Un año más tarde, la imagen del avión estrellado seguía en la mente de toda Italia, y la conmoción era tan grande que el combinado decidió atravesar el Atlántico en barco para disputar el Mundial de Brasil de 1950. Bendecido por el Papa Pío XII, partía desde Nápoles un equipo rehecho tras la tragedia y hundido moralmente por la crueldad con la que se había desintegrado la esencia de aquel grupo.
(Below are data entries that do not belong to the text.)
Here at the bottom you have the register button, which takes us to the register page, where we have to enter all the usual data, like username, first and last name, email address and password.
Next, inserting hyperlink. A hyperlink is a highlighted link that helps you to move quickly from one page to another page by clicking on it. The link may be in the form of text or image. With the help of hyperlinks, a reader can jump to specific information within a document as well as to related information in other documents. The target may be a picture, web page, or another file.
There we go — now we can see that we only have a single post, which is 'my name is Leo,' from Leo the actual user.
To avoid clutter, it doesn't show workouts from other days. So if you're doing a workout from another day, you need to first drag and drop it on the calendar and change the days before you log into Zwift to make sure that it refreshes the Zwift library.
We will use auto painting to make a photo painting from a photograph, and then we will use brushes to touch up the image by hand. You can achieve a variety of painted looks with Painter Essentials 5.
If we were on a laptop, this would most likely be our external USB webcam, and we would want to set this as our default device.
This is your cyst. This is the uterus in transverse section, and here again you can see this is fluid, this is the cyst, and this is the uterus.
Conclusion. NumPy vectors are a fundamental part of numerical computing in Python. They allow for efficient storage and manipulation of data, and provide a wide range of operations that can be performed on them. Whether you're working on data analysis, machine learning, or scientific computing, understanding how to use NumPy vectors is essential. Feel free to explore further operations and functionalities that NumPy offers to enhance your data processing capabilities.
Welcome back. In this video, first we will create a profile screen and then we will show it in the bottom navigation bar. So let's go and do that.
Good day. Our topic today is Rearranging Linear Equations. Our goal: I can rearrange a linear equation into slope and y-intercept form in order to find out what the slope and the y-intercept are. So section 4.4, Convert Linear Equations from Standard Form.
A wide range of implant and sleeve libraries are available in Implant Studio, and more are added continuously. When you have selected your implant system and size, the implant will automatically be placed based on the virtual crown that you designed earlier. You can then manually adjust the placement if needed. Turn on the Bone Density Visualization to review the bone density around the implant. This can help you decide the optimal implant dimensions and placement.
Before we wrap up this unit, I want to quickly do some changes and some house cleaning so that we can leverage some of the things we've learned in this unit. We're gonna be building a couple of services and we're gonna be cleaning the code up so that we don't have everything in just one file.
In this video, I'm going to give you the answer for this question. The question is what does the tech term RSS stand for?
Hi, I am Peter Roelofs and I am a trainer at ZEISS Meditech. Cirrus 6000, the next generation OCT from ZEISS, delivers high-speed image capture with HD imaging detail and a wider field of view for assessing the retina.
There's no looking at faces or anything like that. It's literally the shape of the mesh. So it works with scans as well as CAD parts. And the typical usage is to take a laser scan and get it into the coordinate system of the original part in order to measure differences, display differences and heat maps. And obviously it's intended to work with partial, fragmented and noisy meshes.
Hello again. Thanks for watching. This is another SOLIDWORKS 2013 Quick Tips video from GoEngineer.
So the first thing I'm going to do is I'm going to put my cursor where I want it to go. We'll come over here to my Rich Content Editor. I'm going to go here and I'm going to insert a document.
Se entrenaron durante el viaje en la cubierta del buque Sises, bajo las órdenes de Ferruccio Novo, con el objetivo de ganar su tercera copa Jules Rimet consecutiva tras 1934 y 1938 (en el 42 y 46 la Segunda Guerra Mundial interrumpió el torneo). El tricampeonato no fue posible, ya que el largo viaje y las trabas en la preparación que esto provoca, unidos con la debilidad anímica con la que afrontaron el compromiso, hicieron que no superaran la primera ronda. Sólo el destino les privó de lograr algo histórico e inédito. ¿Qué habría sucedido si aquel avión no se hubiese estrellado? Esta es una de las muchas preguntas que el destino deja sin respuesta.

El pequeño Mazzola

Sandrino es el hijo de Valentino Mazzola, la estrella de aquel Torino que también perdió la vida en Superga. Poco recuerda de su padre, que falleció cuando él tenía 6 años, pero de él recibió un legado intangible: el fútbol.

El pequeño Mazzola acabó jugando durante toda su carrera (17 años) en el Inter de Milán. Participó en 417 partidos con el equipo nerazzurri, pero el que más recordará fue uno de los primeros que disputó; En el año 1960 y con tan sólo 18 años, tras sucumbir ante el Real Madrid, el líder de los Magiares Mágicos Ferenc Puskas se dirigió a él y le dijo: “Yo conocí a tu padre y jugué contra él. Eres digno de ser su hijo”. El joven Sandro rompió a llorar, consciente de la repercusión que tuvo su padre, el líder de un equipo que estaba llamado a ser histórico por su fútbol, pero acabó siendo histórico por su dramática desaparición.